Challenging Times for Refugees and Immigrants
In 2017, the Trump administration’s rhetoric and actions created additional challenges for immigrants and refugees living in or coming to the U.S. After taking office in January, President Trump signed executive orders expanding the authority of immigration officers. By May 2017, U.S. Immigration and Customs Enforcement (ICE) arrests had climbed almost 40 percent over the previous year. And a modified version of the travel ban that Trump has been trying to institute since his first month in office went into partial effect at the end of last month.

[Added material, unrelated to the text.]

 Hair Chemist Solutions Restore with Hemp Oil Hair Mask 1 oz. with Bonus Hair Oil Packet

“The environment in general has become much harder for immigrants and women in the restaurant industry” under the Trump industry, said Saru Jayaraman, co-director and co-founder of Restaurant Opportunities Centers (ROC) United, which works through a variety of justice campaigns to improve the wages and working conditions of the U.S. restaurant workforce. “Immigrants in the restaurant industry feel a great deal of fear since the election, and it was already hard for women in this very male-dominated industry,” she added.

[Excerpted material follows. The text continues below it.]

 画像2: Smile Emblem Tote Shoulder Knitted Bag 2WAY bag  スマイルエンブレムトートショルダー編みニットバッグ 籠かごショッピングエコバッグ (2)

At the same time, “Immigrants in the industry are being extremely courageous and speaking up in a number of ways—marches, rallies, and programs, like our own Sanctuary Restaurants,” Jayaraman said, referring to the project launched by ROC United and Presente.org, a Latinx empowerment movement, that promotes and connects diverse, safe, and inclusive restaurants.
“In some ways, the extremely challenging moment could also be an opportunity to change an industry that already posed incredible barriers to immigrants and female chefs long before the election,” Jayaraman said.